Education

MSc - Hybrid Building

Hybrid Buildings are increasingly in the focus of contemporary architectural debates and practices. Most interesting works published by architectural reviews all around the world show the attempt to escape the traditional but arid binomial form-function and address buildings with multiple performances. They combine different programs into a ‘hybrid’ whole and show new ways of organizing buildings. By offering up to date answers to our way of living, working and entertaining, they contribute to our actual Zeitgeist rather than looking for mere programmatic accommodations. Current issues like intensification / optimization of land uses (building vs. nature), densification of programs as a new catalyst in city centres (liveability vs. urbanity), economic feasibility of urban plans (profit vs. speculation), are the most recurring urban conditions that hybrid buildings have to tackle with.  

In this framework the MSc program Hybrid Buildings focuses on the design project as key to anticipate future transformations of the city. The scope of the program is to work on complex combinations of types of space, different functions and constructive systems in order to create opportunities for alternative social as well as urban dynamics. Nowadays there is a great need of identifying the available design tools in order to plan future interventions in our cities. Particularly in the case of existing urban environments, design approaches require a conscious understanding of urban morphology transformation processes as well as an adequate knowledge of changes in building typologies. The ‘Fuck Context’ approach denies the long-lasting urban development and jeopardizes the representation of the continuity of civic values.

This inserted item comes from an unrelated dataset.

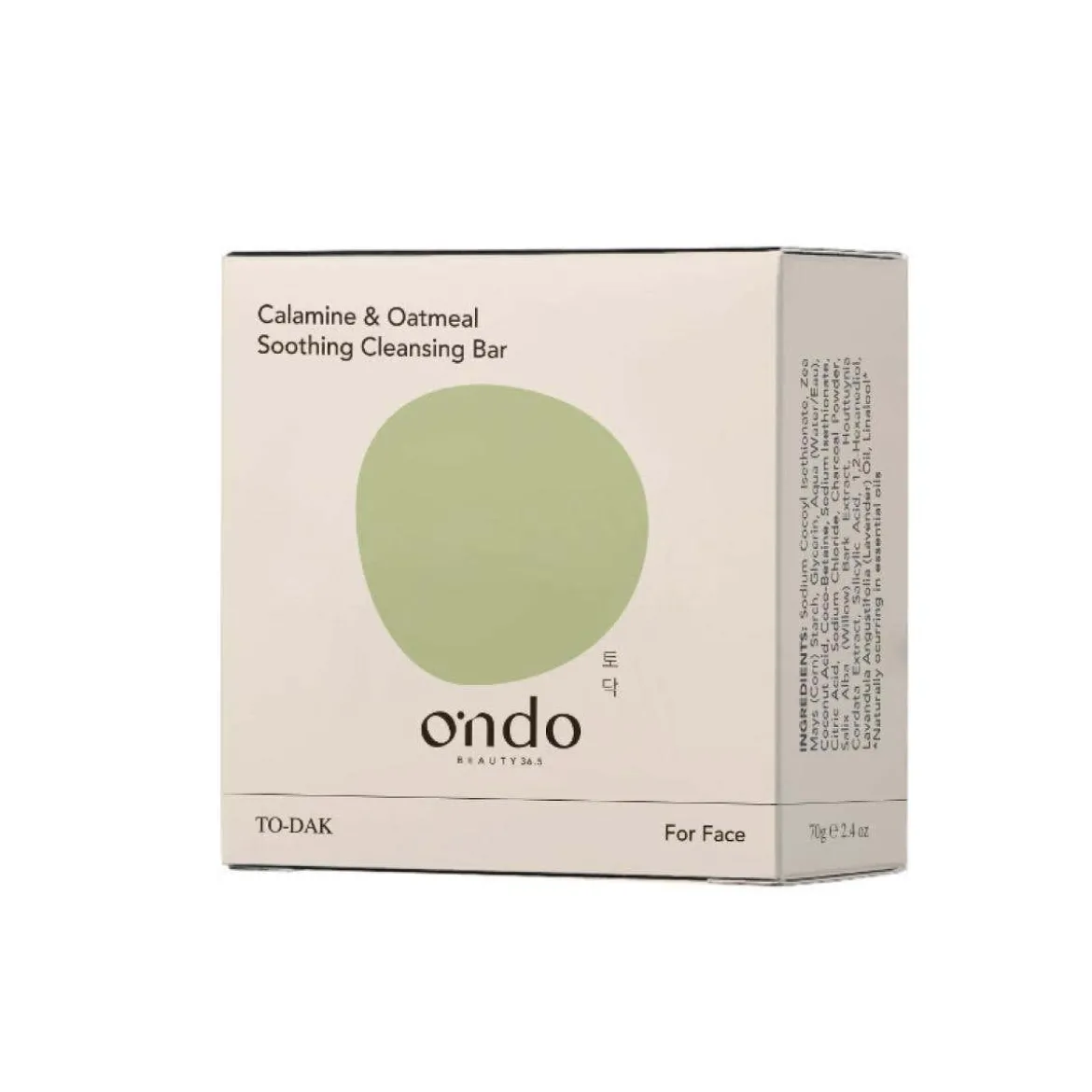 Calamine & Oatmeal Soothing Cleansing Bar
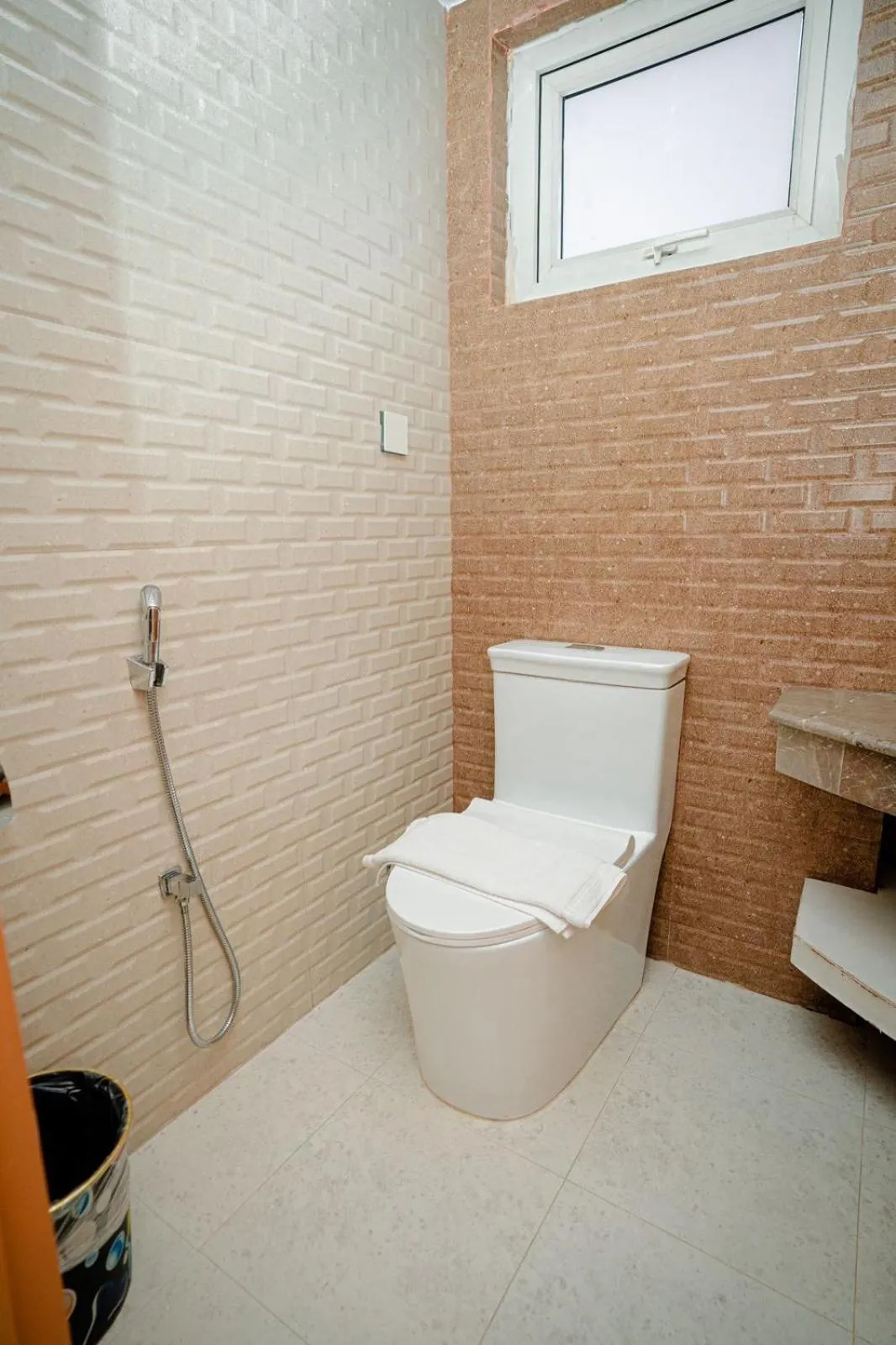 Shower in Royal Raj Hotel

We believe that the design of new Hybrid typologies should reflect on their urban significance and on the position they take in the historical development of the place. Architectural interventions aiming to be ‘urban’ cannot be defined outside the context of the city and its history. Consequently, research on cities and their history (also from the technical viewpoint) must be considered as an important component of the MSc program. 

How will new architectural typologies and new architectural languages be able to envision the transformations of urban areas? How can these areas be transmuted into the representative urban environments of the 21st century? And how can designers develop these themes in an urban-sound, nature-sound and society-sound manner? These are the core issues that the Master specialization Hybrid Buildings wants to address.